Problem description: After finding "Unique Kitchen Dining" in the material below, output its line and every line after it through the last, exactly, but not the pictures.

Input data:
■ ■ ■ ■

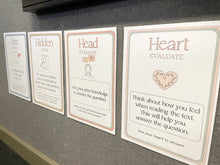 Load image into Gallery viewer, Here, Hidden, Head, Heart Reading Comprehension Posters
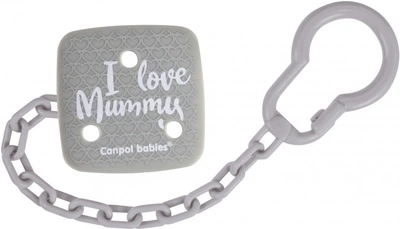 Цепочка к пустышке Canpol Babies I Love Mummy (с 0 месяцев), 1 шт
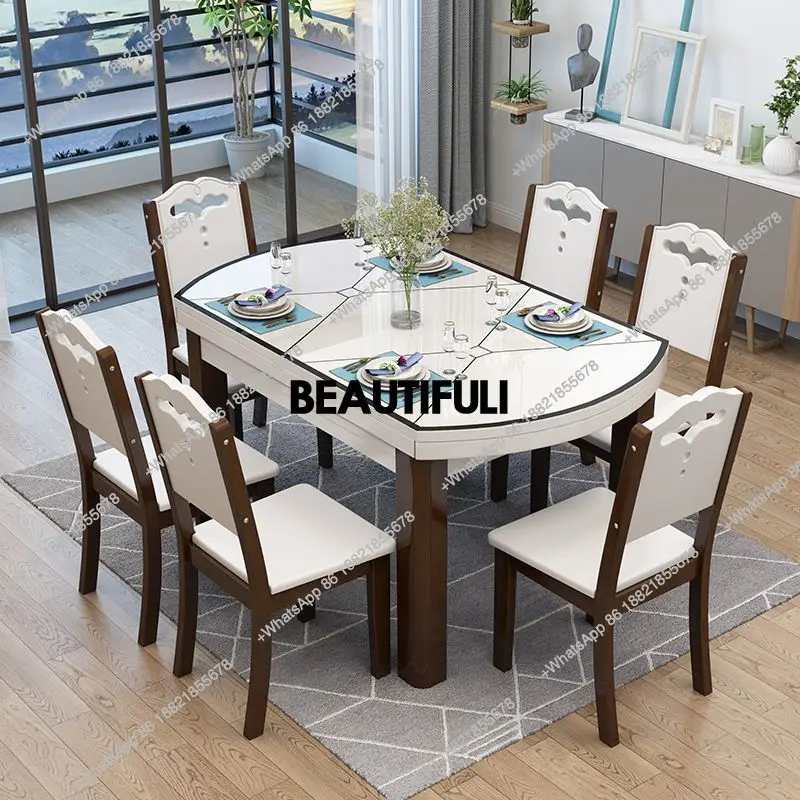 

Unique Kitchen Dining Table Modern Oval White Italian Restaurant Dining Table Glass Design Mesas De Comedor Home Furniture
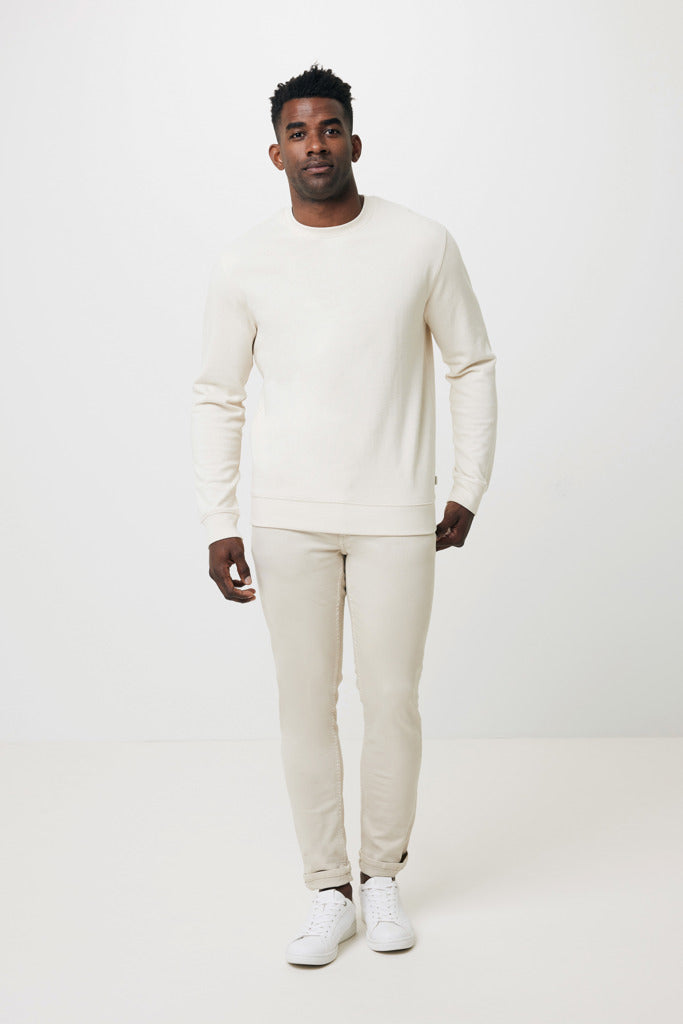 IQONIQ Denali recycled cotton crew neck undyed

■ ■ ■ ■

Result for this exercise:
Unique Kitchen Dining Table Modern Oval White Italian Restaurant Dining Table Glass Design Mesas De Comedor Home Furniture
 IQONIQ Denali recycled cotton crew neck undyed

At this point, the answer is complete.